DESCRIPTION OF THE TASK:
Write the entries again exactly, with no line missing.

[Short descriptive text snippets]
· · ·

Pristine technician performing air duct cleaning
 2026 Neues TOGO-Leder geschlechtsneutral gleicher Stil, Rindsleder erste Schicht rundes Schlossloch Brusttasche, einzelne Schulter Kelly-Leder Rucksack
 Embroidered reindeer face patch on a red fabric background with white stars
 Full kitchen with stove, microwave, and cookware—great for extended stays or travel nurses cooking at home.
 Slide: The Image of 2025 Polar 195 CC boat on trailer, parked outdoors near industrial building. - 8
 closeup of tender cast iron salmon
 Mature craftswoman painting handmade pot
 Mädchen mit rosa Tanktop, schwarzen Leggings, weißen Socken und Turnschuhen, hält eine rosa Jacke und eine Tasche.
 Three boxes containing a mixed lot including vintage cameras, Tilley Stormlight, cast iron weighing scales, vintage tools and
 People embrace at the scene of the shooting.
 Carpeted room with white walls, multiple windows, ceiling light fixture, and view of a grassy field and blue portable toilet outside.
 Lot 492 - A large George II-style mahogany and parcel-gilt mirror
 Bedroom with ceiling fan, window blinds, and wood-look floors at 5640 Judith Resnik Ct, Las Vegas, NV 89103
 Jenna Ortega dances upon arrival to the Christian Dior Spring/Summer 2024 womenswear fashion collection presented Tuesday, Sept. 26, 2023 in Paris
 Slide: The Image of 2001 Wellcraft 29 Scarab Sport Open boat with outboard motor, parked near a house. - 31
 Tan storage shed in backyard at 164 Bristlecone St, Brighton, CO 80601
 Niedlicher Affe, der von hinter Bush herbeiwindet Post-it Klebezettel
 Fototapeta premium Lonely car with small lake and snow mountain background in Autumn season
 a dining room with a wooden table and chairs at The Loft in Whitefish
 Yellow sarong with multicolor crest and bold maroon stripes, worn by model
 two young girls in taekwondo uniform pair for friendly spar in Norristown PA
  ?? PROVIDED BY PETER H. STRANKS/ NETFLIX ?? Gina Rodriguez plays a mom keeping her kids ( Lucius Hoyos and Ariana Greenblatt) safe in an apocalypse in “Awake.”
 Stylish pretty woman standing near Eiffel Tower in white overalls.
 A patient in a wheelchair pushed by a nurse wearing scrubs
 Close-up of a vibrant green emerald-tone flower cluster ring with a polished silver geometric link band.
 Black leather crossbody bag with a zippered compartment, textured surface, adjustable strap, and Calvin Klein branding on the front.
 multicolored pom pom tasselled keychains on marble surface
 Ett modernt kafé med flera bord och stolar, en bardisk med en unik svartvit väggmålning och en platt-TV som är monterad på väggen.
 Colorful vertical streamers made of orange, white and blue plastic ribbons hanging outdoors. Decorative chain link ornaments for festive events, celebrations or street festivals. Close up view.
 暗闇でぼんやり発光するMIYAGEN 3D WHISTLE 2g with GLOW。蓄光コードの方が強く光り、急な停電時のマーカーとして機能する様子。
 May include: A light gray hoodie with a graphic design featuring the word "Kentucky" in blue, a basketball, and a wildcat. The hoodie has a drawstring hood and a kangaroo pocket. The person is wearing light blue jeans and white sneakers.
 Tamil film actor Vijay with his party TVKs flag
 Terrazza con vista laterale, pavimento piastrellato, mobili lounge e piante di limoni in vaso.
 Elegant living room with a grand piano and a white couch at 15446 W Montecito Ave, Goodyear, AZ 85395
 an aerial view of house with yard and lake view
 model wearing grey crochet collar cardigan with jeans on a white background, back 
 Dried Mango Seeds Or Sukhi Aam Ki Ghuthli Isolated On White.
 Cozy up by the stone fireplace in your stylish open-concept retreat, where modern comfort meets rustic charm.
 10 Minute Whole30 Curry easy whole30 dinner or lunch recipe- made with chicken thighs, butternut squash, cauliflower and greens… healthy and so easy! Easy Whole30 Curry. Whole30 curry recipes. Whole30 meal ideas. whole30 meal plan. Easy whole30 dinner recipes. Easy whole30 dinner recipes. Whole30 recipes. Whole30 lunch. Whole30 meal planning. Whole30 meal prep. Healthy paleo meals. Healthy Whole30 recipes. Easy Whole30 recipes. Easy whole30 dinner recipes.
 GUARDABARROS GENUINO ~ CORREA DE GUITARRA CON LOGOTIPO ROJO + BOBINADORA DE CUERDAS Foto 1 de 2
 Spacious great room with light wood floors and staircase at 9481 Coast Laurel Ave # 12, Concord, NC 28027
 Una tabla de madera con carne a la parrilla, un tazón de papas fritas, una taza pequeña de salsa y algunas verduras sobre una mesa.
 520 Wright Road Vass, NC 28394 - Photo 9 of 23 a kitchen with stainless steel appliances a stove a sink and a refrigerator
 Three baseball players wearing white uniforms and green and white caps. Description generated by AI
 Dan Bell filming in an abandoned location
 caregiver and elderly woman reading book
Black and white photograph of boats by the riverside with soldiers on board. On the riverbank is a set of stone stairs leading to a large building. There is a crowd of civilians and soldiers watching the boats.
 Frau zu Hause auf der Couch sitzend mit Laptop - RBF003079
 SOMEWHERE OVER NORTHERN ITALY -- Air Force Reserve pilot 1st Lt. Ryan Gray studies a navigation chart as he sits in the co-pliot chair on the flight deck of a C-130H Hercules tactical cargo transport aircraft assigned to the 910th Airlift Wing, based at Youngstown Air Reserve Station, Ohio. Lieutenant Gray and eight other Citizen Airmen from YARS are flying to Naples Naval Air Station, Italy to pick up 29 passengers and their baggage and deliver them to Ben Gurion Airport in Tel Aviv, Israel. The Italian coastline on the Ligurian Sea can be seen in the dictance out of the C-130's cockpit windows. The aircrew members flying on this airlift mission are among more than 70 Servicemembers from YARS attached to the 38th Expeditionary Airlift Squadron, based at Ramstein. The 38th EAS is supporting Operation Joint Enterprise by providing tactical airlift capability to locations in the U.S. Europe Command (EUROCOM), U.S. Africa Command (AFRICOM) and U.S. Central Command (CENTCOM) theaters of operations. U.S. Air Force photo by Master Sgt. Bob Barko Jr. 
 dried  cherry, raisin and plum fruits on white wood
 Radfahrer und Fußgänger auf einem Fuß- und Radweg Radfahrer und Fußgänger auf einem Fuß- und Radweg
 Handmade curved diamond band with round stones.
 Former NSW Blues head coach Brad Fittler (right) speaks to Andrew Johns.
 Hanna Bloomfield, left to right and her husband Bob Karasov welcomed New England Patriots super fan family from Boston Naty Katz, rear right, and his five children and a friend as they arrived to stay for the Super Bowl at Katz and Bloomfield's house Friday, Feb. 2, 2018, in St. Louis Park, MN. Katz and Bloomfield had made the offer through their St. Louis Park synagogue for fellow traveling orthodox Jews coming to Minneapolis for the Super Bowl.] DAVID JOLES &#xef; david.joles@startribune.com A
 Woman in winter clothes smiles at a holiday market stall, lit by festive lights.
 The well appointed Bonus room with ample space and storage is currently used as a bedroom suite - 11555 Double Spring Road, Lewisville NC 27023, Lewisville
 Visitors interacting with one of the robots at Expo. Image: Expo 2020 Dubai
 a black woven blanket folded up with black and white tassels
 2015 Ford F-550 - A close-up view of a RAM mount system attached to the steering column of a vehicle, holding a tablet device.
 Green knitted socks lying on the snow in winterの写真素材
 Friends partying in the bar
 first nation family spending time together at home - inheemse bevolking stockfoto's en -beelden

· · ·

WRITTEN RESPONSE:
Pristine technician performing air duct cleaning
 2026 Neues TOGO-Leder geschlechtsneutral gleicher Stil, Rindsleder erste Schicht rundes Schlossloch Brusttasche, einzelne Schulter Kelly-Leder Rucksack
 Embroidered reindeer face patch on a red fabric background with white stars
 Full kitchen with stove, microwave, and cookware—great for extended stays or travel nurses cooking at home.
 Slide: The Image of 2025 Polar 195 CC boat on trailer, parked outdoors near industrial building. - 8
 closeup of tender cast iron salmon
 Mature craftswoman painting handmade pot
 Mädchen mit rosa Tanktop, schwarzen Leggings, weißen Socken und Turnschuhen, hält eine rosa Jacke und eine Tasche.
 Three boxes containing a mixed lot including vintage cameras, Tilley Stormlight, cast iron weighing scales, vintage tools and
 People embrace at the scene of the shooting.
 Carpeted room with white walls, multiple windows, ceiling light fixture, and view of a grassy field and blue portable toilet outside.
 Lot 492 - A large George II-style mahogany and parcel-gilt mirror
 Bedroom with ceiling fan, window blinds, and wood-look floors at 5640 Judith Resnik Ct, Las Vegas, NV 89103
 Jenna Ortega dances upon arrival to the Christian Dior Spring/Summer 2024 womenswear fashion collection presented Tuesday, Sept. 26, 2023 in Paris
 Slide: The Image of 2001 Wellcraft 29 Scarab Sport Open boat with outboard motor, parked near a house. - 31
 Tan storage shed in backyard at 164 Bristlecone St, Brighton, CO 80601
 Niedlicher Affe, der von hinter Bush herbeiwindet Post-it Klebezettel
 Fototapeta premium Lonely car with small lake and snow mountain background in Autumn season
 a dining room with a wooden table and chairs at The Loft in Whitefish
 Yellow sarong with multicolor crest and bold maroon stripes, worn by model
 two young girls in taekwondo uniform pair for friendly spar in Norristown PA
  ?? PROVIDED BY PETER H. STRANKS/ NETFLIX ?? Gina Rodriguez plays a mom keeping her kids ( Lucius Hoyos and Ariana Greenblatt) safe in an apocalypse in “Awake.”
 Stylish pretty woman standing near Eiffel Tower in white overalls.
 A patient in a wheelchair pushed by a nurse wearing scrubs
 Close-up of a vibrant green emerald-tone flower cluster ring with a polished silver geometric link band.
 Black leather crossbody bag with a zippered compartment, textured surface, adjustable strap, and Calvin Klein branding on the front.
 multicolored pom pom tasselled keychains on marble surface
 Ett modernt kafé med flera bord och stolar, en bardisk med en unik svartvit väggmålning och en platt-TV som är monterad på väggen.
 Colorful vertical streamers made of orange, white and blue plastic ribbons hanging outdoors. Decorative chain link ornaments for festive events, celebrations or street festivals. Close up view.
 暗闇でぼんやり発光するMIYAGEN 3D WHISTLE 2g with GLOW。蓄光コードの方が強く光り、急な停電時のマーカーとして機能する様子。
 May include: A light gray hoodie with a graphic design featuring the word "Kentucky" in blue, a basketball, and a wildcat. The hoodie has a drawstring hood and a kangaroo pocket. The person is wearing light blue jeans and white sneakers.
 Tamil film actor Vijay with his party TVKs flag
 Terrazza con vista laterale, pavimento piastrellato, mobili lounge e piante di limoni in vaso.
 Elegant living room with a grand piano and a white couch at 15446 W Montecito Ave, Goodyear, AZ 85395
 an aerial view of house with yard and lake view
 model wearing grey crochet collar cardigan with jeans on a white background, back 
 Dried Mango Seeds Or Sukhi Aam Ki Ghuthli Isolated On White.
 Cozy up by the stone fireplace in your stylish open-concept retreat, where modern comfort meets rustic charm.
 10 Minute Whole30 Curry easy whole30 dinner or lunch recipe- made with chicken thighs, butternut squash, cauliflower and greens… healthy and so easy! Easy Whole30 Curry. Whole30 curry recipes. Whole30 meal ideas. whole30 meal plan. Easy whole30 dinner recipes. Easy whole30 dinner recipes. Whole30 recipes. Whole30 lunch. Whole30 meal planning. Whole30 meal prep. Healthy paleo meals. Healthy Whole30 recipes. Easy Whole30 recipes. Easy whole30 dinner recipes.
 GUARDABARROS GENUINO ~ CORREA DE GUITARRA CON LOGOTIPO ROJO + BOBINADORA DE CUERDAS Foto 1 de 2
 Spacious great room with light wood floors and staircase at 9481 Coast Laurel Ave # 12, Concord, NC 28027
 Una tabla de madera con carne a la parrilla, un tazón de papas fritas, una taza pequeña de salsa y algunas verduras sobre una mesa.
 520 Wright Road Vass, NC 28394 - Photo 9 of 23 a kitchen with stainless steel appliances a stove a sink and a refrigerator
 Three baseball players wearing white uniforms and green and white caps. Description generated by AI
 Dan Bell filming in an abandoned location
 caregiver and elderly woman reading book
Black and white photograph of boats by the riverside with soldiers on board. On the riverbank is a set of stone stairs leading to a large building. There is a crowd of civilians and soldiers watching the boats.
 Frau zu Hause auf der Couch sitzend mit Laptop - RBF003079
 SOMEWHERE OVER NORTHERN ITALY -- Air Force Reserve pilot 1st Lt. Ryan Gray studies a navigation chart as he sits in the co-pliot chair on the flight deck of a C-130H Hercules tactical cargo transport aircraft assigned to the 910th Airlift Wing, based at Youngstown Air Reserve Station, Ohio. Lieutenant Gray and eight other Citizen Airmen from YARS are flying to Naples Naval Air Station, Italy to pick up 29 passengers and their baggage and deliver them to Ben Gurion Airport in Tel Aviv, Israel. The Italian coastline on the Ligurian Sea can be seen in the dictance out of the C-130's cockpit windows. The aircrew members flying on this airlift mission are among more than 70 Servicemembers from YARS attached to the 38th Expeditionary Airlift Squadron, based at Ramstein. The 38th EAS is supporting Operation Joint Enterprise by providing tactical airlift capability to locations in the U.S. Europe Command (EUROCOM), U.S. Africa Command (AFRICOM) and U.S. Central Command (CENTCOM) theaters of operations. U.S. Air Force photo by Master Sgt. Bob Barko Jr. 
 dried  cherry, raisin and plum fruits on white wood
 Radfahrer und Fußgänger auf einem Fuß- und Radweg Radfahrer und Fußgänger auf einem Fuß- und Radweg
 Handmade curved diamond band with round stones.
 Former NSW Blues head coach Brad Fittler (right) speaks to Andrew Johns.
 Hanna Bloomfield, left to right and her husband Bob Karasov welcomed New England Patriots super fan family from Boston Naty Katz, rear right, and his five children and a friend as they arrived to stay for the Super Bowl at Katz and Bloomfield's house Friday, Feb. 2, 2018, in St. Louis Park, MN. Katz and Bloomfield had made the offer through their St. Louis Park synagogue for fellow traveling orthodox Jews coming to Minneapolis for the Super Bowl.] DAVID JOLES &#xef; david.joles@startribune.com A
 Woman in winter clothes smiles at a holiday market stall, lit by festive lights.
 The well appointed Bonus room with ample space and storage is currently used as a bedroom suite - 11555 Double Spring Road, Lewisville NC 27023, Lewisville
 Visitors interacting with one of the robots at Expo. Image: Expo 2020 Dubai
 a black woven blanket folded up with black and white tassels
 2015 Ford F-550 - A close-up view of a RAM mount system attached to the steering column of a vehicle, holding a tablet device.
 Green knitted socks lying on the snow in winterの写真素材
 Friends partying in the bar
 first nation family spending time together at home - inheemse bevolking stockfoto's en -beelden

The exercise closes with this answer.